Luigi Luca Cavalli-Sforza | |
---|---|
![]() Cavalli-Sforza, October 2010.
|
|
Born |
Genoa, Italy |
25 January 1922
Occupation | Geneticist |
Awards | Weldon Memorial Prize (1978) |
Luigi Luca Cavalli-Sforza (Italian: [luˈiːdʒi ˈluːka kaˈvalli ˈsfɔrtsa]; born 25 January 1922) is an Italian-born population geneticist, who has been a professor (now emeritus) at Stanford University since 1970.
Cavalli-Sforza entered Ghislieri College in Pavia in 1939 and he received his M.D. from the University of Pavia in 1944. In 1949, he was appointed to a research post at the Department of Genetics, Cambridge University by the statistician and evolutionary biologist Ronald A. Fisher in the field of E. coli genetics. In 1950, he left the University of Cambridge to teach in northern Italy, Milan, Parma, and Pavia, and before finally taking up a professorship at Stanford in 1970, where he remains as an Emeritus Professor.
In 1999 he won the Balzan Prize for the Science of human origins.
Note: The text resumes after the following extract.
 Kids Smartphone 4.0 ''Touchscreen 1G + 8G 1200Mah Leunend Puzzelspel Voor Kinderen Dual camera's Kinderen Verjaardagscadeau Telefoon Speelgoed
He has been a member of the Pontifical Academy of Sciences since 1994. He was awarded the Telesio-Galilei Academy Award in 2011 for Biology.
Cavalli-Sforza initiated a new field of research by combining the concrete findings of demography with a newly-available analysis of blood groups in an actual human population. He also studied the connections between migration patterns and blood groups.
Writing in the mid-1960s with another genetics student of Ronald A. Fisher, Anthony W. F. Edwards, Cavalli-Sforza pioneered statistical methods for estimating evolutionary trees (phylogenies); to estimate evolutionary trees, they used maximum likelihood estimation. Edwards and Cavalli-Sforza wrote about trees of populations within the human species, where genetic differences are affected both by treelike patterns of historical separation of populations and by spread of genes among populations by migration and admixture. In later papers, Cavalli-Sforza has written about the effects of both divergence and migration on human gene frequencies.